Nursing is a science-based discipline, and students must be introduced to the profession with the understanding that they have to take the STEM-related courses. The lack of preparation in math and science is the biggest problem facing our students. Prerequisite courses derail many of our pre-nursing students of color. Therefore, they cannot wait to take chemistry, advanced math, anatomy, and physiology, and other related science courses. These courses are needed prior to college entry.

The second major problem is related to high school and freshman counselors. Top performing high school students are receiving information on nursing as a career option. Then many students of color, even some with the GPA, are being mis-counseled and advised against nursing because of the rigor of the program. In addition, many schools of nursing that are concerned about their NCLEX pass rates are growing and holding more and more seats for their “honor programs” thus making it more difficult for that pre-nursing student with an ACT of 20 and GPA of 3.5 to even be considered for the nursing program.

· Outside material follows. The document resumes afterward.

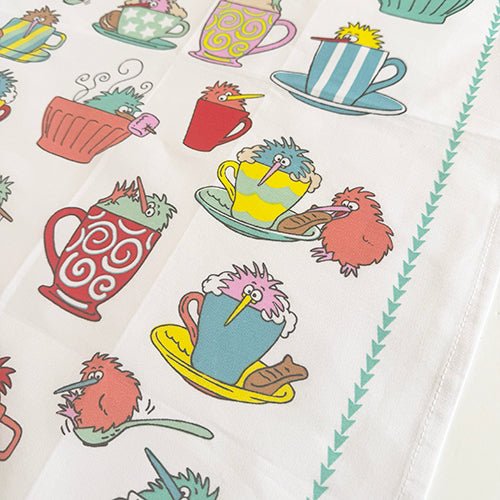 Pretty Kiwi in a Cup Tea Towel - Image 2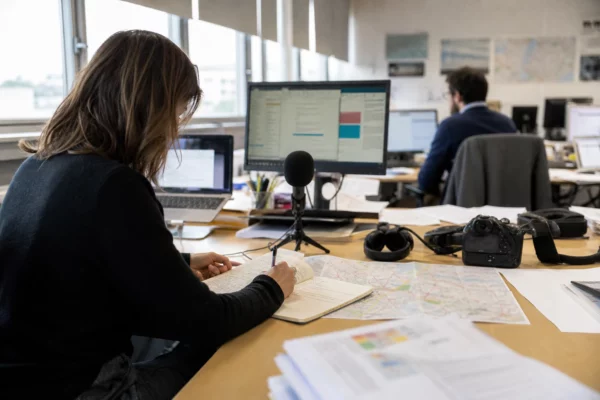 Journaliste dans une rédaction locale préparant un sujet politique avec carnet, micro et carte floue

Finally, we still have the issue of lack of diversity among SON faculty. Nursing must become more committed to developing a diverse academic workforce. A great starting point would be to increase faculty diversity to be 10% higher than the state demographic profile because we have a lot of catching up to do.

I still love nursing and think it was the best choice for me. I am not sure what I will be when I grow up, but it will have something to do with nursing. Oh, not grow up, but when I retire.